Art: The Realist at the Frontiers

In New York, a definitive Edward Hopper show

The Edward Hopper retrospective that opened last week at New York's Whitney Museum of American Art may well be the only incontestably great museum exhibition of work by an American artist in the past decade. The word great is crippled by hype these days, and perhaps it merely clouds what it seeks to praise; yet the qualities it suggests—patient, lucid development; the transcendence of mere talent; richness and density of meaning; and a deep sense of moral dignity in the artist's refraction of his own culture—are so evident in Hopper that no other word will really do. The show consists of nearly 400 paintings and drawings assembled by Gail Levin, who is curator of the Whitney's permanent Hopper collection. She has done so well that, without comparing Hopper to Cézanne as an artist, one may say that this exhibition is to the Whitney what the Cézanne show of 1977 was to the Museum of Modern Art: a fulfillment of the museum's very purpose, carried out at an exemplary level of curatorial skill and corporate support.

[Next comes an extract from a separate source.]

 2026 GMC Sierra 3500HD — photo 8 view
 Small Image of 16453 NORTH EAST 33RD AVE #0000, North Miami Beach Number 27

Hopper was 84 when he died in 1967, and to the end of his life he remained a somewhat misunderstood figure. The problem was not lack of fame or acceptance; he had plenty of both, at least in the U.S., and even the abstract painters (whose work he tended to see as a threat) respected his exceptional formal gifts. Rather, the misunderstanding lay in the nature of Hopper's Americanness.

Hopper belonged to the first generation of artists whose work voted for secession from Paris. In 1927 he stated his belief that "now or in the near future"—the caution was typical of the man—"American art should be weaned from its French mother." But by the end of the '30s, his aching, rigorous vision of American social isolation, the vacant brownstone windows and blowing curtains, the solitary coffee drinkers, the aloof houses robed in chalky light against the sky, had been assimilated, against his will, into something much coarser: the kill-Paris chauvinism of the "American Scene" painters, so that to inattentive critics it seemed all wrapped in the same nationalistic package.

"The thing that makes me so mad is the 'American Scene' business," Hopper told an interviewer in 1964. "I never tried to do the American scene as Benton and Curry and the Midwestern painters did. I think the American Scene painters caricatured America. I always wanted to do myself." Yet the idea that he was a cultural nationalist lingers to this day, and one still reads in current histories of American art such remarks as, "For Hopper, contact with Europe meant little, even though he visited Paris three times between 1906 and 1910."